Indiana: 50 States in 50 Days



a "beemer", no less

Havona and the Stony Cooks have been busy trawling the streets of Park Slope in search of rare plates like this one from Indiana. Indiana is the Hoosier state. I am glad we’ve reached this point because it affords and opportunity to answer the question on everyone’s lips. Just what is a Hoosier, exactly?
I put the question to Dan Janzen, local dad, writer for hire and Indiana native. Dan writes:
“No one knows! It's been used to refer to people from Indiana almost as long as the state has existed (statehood in 1816), but there's never been a commonly accepted explanation for why. The term was eventually synonymous with "hick," but it's not clear whether this came before or after the Indiana connotation. Most versions you hear deal in some way with country living, e.g. yelling "Who's here?" when you hear someone approaching your cabin in the woods, but none of these seem all that specific to Indiana as opposed to Illinois or Ohio. I think of it as something fated: it's our destiny to be Hoosiers, and our lot never to question it.”

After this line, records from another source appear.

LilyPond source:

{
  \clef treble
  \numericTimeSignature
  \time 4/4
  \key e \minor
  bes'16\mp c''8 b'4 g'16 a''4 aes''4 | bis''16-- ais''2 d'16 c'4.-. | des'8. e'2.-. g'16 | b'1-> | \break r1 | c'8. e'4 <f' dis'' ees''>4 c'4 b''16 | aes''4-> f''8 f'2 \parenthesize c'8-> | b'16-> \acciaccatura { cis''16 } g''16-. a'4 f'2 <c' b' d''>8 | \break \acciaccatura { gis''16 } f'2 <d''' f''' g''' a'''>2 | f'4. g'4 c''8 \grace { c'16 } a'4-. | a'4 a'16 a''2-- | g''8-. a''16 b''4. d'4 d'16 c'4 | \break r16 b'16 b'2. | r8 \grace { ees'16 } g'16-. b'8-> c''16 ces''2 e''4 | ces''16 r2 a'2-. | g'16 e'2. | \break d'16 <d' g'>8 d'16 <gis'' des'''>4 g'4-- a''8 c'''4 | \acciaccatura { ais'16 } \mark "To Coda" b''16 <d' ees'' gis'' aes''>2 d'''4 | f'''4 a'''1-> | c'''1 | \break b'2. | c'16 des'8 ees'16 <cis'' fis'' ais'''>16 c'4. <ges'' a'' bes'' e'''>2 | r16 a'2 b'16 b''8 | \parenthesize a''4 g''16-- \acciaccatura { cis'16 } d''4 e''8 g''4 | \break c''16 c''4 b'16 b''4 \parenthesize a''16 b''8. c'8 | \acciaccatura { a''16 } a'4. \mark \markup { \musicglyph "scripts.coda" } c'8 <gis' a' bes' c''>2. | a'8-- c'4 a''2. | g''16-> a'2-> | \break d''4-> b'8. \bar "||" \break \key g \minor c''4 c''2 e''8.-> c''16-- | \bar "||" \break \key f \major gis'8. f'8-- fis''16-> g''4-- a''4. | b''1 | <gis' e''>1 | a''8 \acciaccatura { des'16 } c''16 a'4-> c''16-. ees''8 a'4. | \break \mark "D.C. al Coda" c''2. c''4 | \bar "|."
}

In other words the meaning of Hoosier is one of those questions mankind has asked since the beginning of time. “What does it mean?" "Why me?" "Why not someone else?" "Surely it must mean something? It can’t just be a tale told by an idiot, full of sound and fury, signifying nothing… can it? Can it!?"
Fortunately we do know the meaning of the name “Indiana”. Not surprisingly it means, land of the Indians. Indiana joined the union back in 1961 when it became the 19th state. It is the smallest state west of the Appalachians. It is bordered by Kentucky, Illinois, Michigan and Ohio. It has its own little slice of Lake Michigan.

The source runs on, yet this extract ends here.